# The problem
Pictures excluded, reproduce exactly the lines below from the one with "台北市中山區【 條通餐酒館 】隱藏於條通商圈高品質餐酒館，低調奢華的裝潢、美味的無國界創意料理、種類眾多的美酒在這" through the one with "Toàn cảnh buổi", both included.

# Data section
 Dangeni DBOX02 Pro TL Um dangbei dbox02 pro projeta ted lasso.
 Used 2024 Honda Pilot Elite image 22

* * *

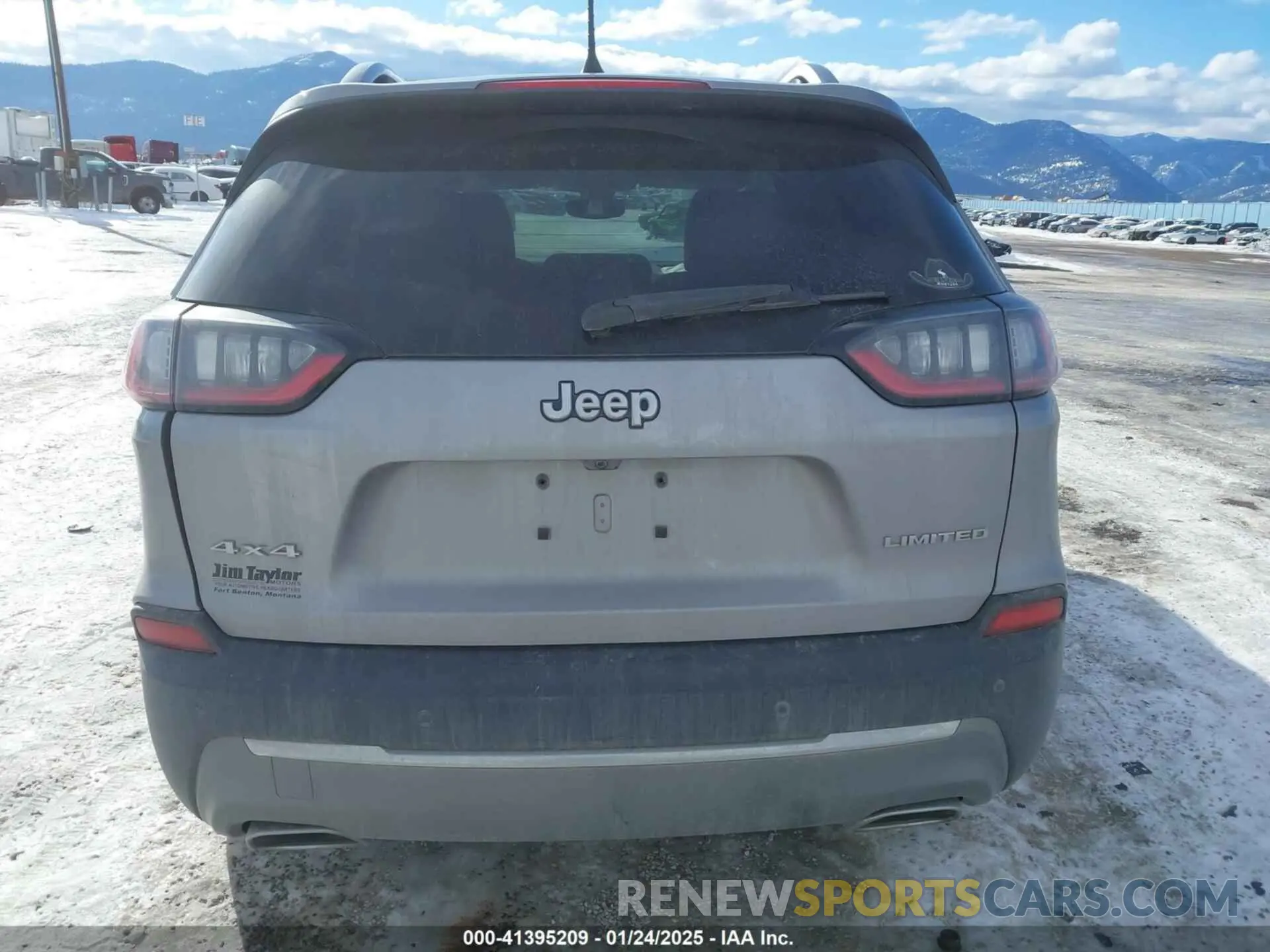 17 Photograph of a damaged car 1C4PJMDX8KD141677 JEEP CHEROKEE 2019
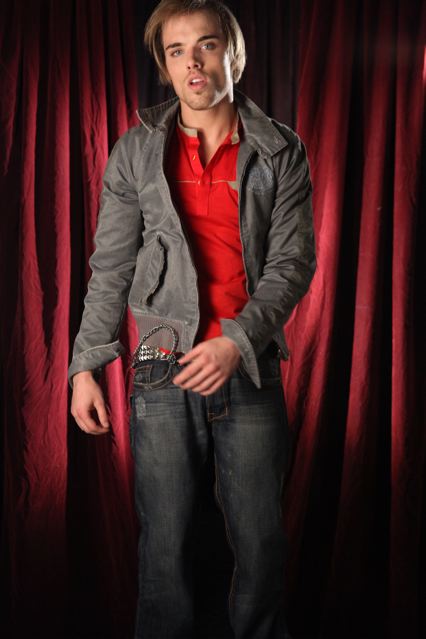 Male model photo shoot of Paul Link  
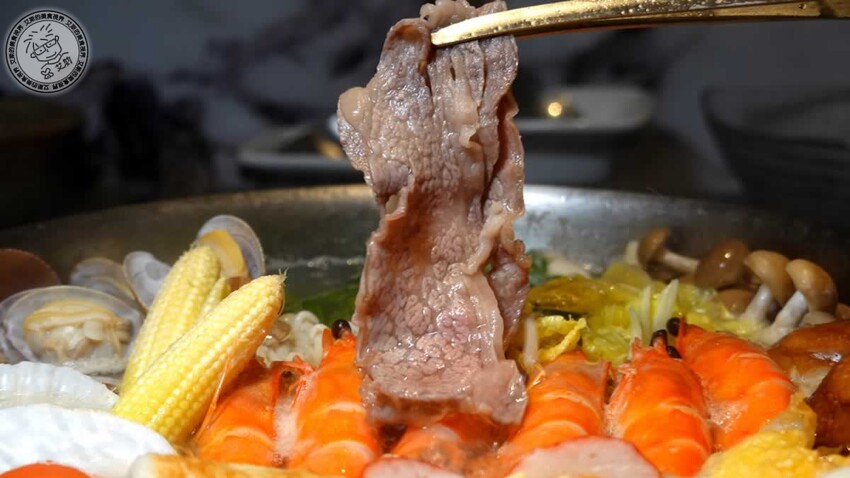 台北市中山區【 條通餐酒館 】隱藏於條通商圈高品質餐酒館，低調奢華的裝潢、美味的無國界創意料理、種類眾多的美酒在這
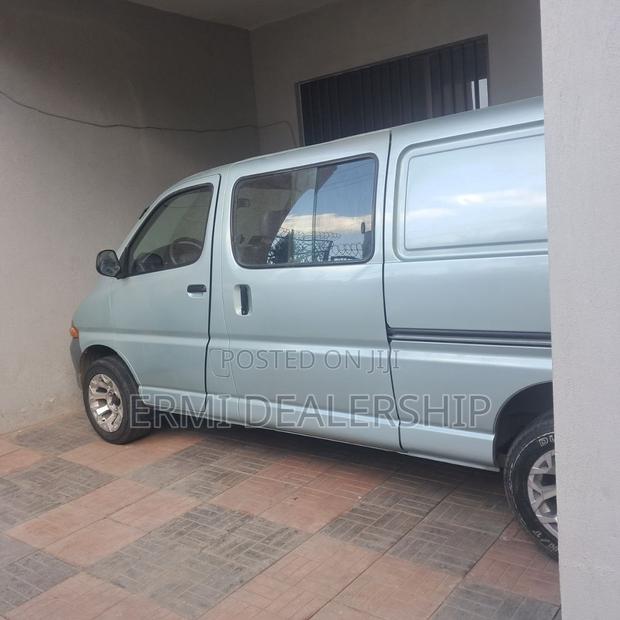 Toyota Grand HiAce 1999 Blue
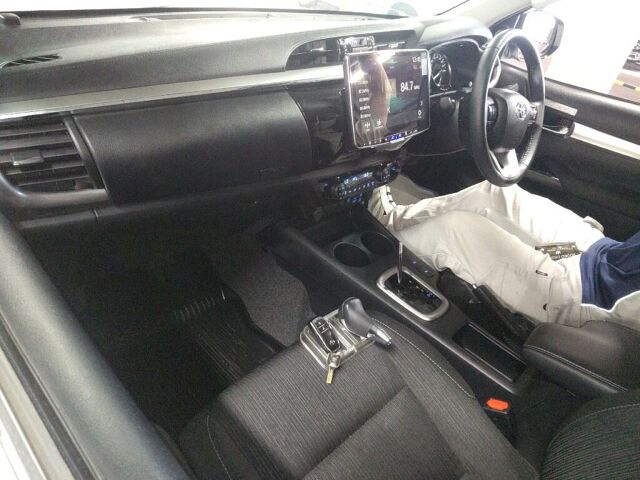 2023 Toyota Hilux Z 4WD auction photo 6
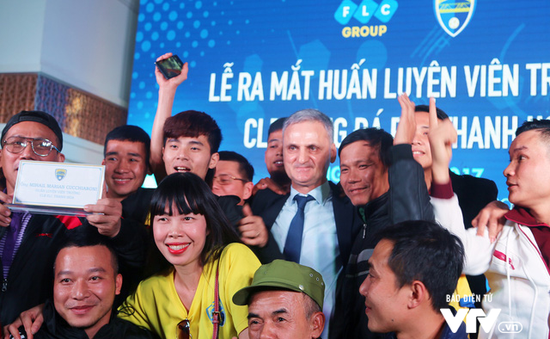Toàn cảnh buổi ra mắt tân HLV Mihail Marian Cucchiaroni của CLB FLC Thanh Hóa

# Result of the task
 台北市中山區【 條通餐酒館 】隱藏於條通商圈高品質餐酒館，低調奢華的裝潢、美味的無國界創意料理、種類眾多的美酒在這
 Toyota Grand HiAce 1999 Blue
 2023 Toyota Hilux Z 4WD auction photo 6
Toàn cảnh buổi ra mắt tân HLV Mihail Marian Cucchiaroni của CLB FLC Thanh Hóa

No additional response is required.